Einstein chose to offer a one-line sentence on the secret of happiness:

"A calm and modest life brings more happiness than the pursuit of success combined with constant restlessness."

Last week’s seller of the Imperial Hotel note is reportedly a grandson of the Japanese bellboy's brother who lives in Germany. A spokesman for the auction house, Meni Chadad, told The New York Times that it had expected the notes would garner $5,000 to $8,000. When the sale was announced, he said, the room burst into applause.

Of course the value of the note was predicated on its unique authorship. But we would be guilty of a serious lack of respect for the mind of an intellectual giant if we didn’t equally attach profound worth to the sentiment as well as to the source of this supremely important life serving instruction. Nor should we ignore the obvious echo of Einstein’s advice in Jewish thought and Talmudic teaching – ideas which may well have resonated with him either on a conscious or subconscious level by way of his heritage.

Happiness, it’s been said, is a very serious matter. In Ethics of the Fathers we find Rabban Gamliel’s teaching: “He who increases possessions increases worry” (Avos, 2:7), and Ben Zoma famously said, “Who is the happy person? One who takes pleasure in his lot” (Avos, 4:1). A restless pursuit of success rooted in an immodest lifestyle guarantees the opposite of its goal. Einstein said it in one way; the rabbis expressed it in another. Perhaps the best summary of Jewish thought is to comprehend that success is getting what you want but happiness is wanting what you get.

We are all far too familiar with the vicious cycle of life. Above all we want to be happy. Our culture keeps telling us that the way to be happy is to have more money. Then we can buy more things that will give us more pleasure. When they don’t, we’re told that we really need more money to buy bigger and better things, so that’s why we have to take on more work and more stress – because then we’ll really be happy. And as we see less and less of our family and accumulate more and more possessions, we end up discovering that it wasn’t only Rabban Gamliel who grasped it but Benjamin Franklin similarly came to the realization that “He who multiplies riches multiplies tears.”

In Jewish tradition, there’s a saying that during our lifetimes we have three main friends—and when we die, they leave us in exactly the reverse order in which we treated them. No sooner does our soul leave our body, than all of our wealth flees with it as well. Families are more faithful. They walk with us after our passing to the cemetery, our final resting place. Then, they too leave us to go on with their lives. It is only our name, the good deeds we performed for others, and the influence we may have had upon them, that outlive us and offer us a share of immortality.

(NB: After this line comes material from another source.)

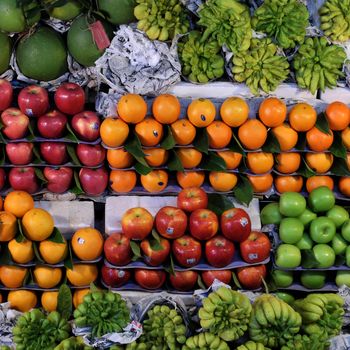 Colorful of fruit shop at Dalat marketplace, Vietnam, many kind of fresh tropical fruits arrange so amazing, agriculture product at farmer market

Strange then, isn’t it, that we spend most of our lives chasing after money, spending far less of our time than we should with our families, and spending so little of our efforts to accomplish those things by which we will be remembered!

Maybe making a fortune isn’t all that it’s cracked up to be. Maybe we can even identify with the profound words of the contemporary author Emile Henry Gauvreay: “I was part of that strange race of people aptly described as spending their lives doing things they detest to make money they don’t want, to buy things they don’t need, to impress people they dislike.”

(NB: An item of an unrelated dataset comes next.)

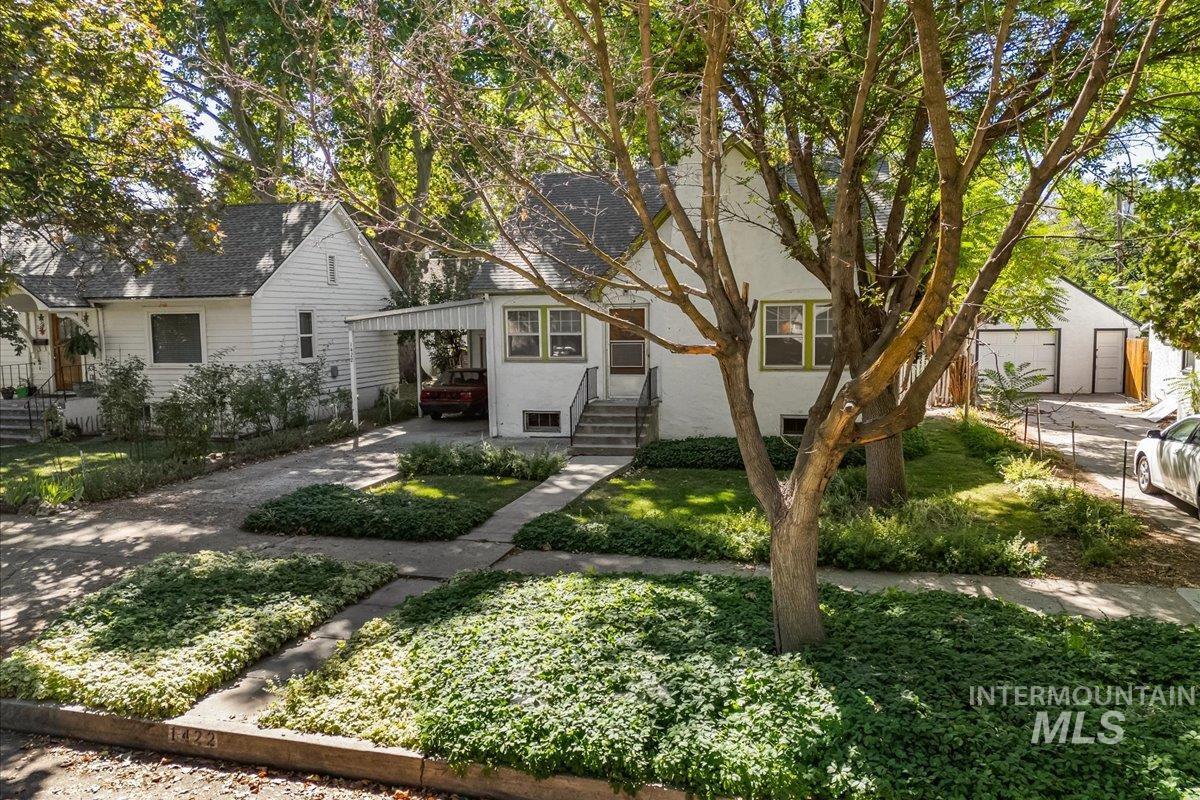 View of front of house with stucco siding, driveway, and an attached carport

Relatively speaking, money and possessions aren’t really as valuable or as important as “a calm and modest life” – a life judged not by possessions accumulated but by a respected legacy earned. That insight, that ability to perceive happiness in proper perspective is an illustration of a theory of relativity shared both by Torah as well as by Albert Einstein – and well worth more than many millions of dollars.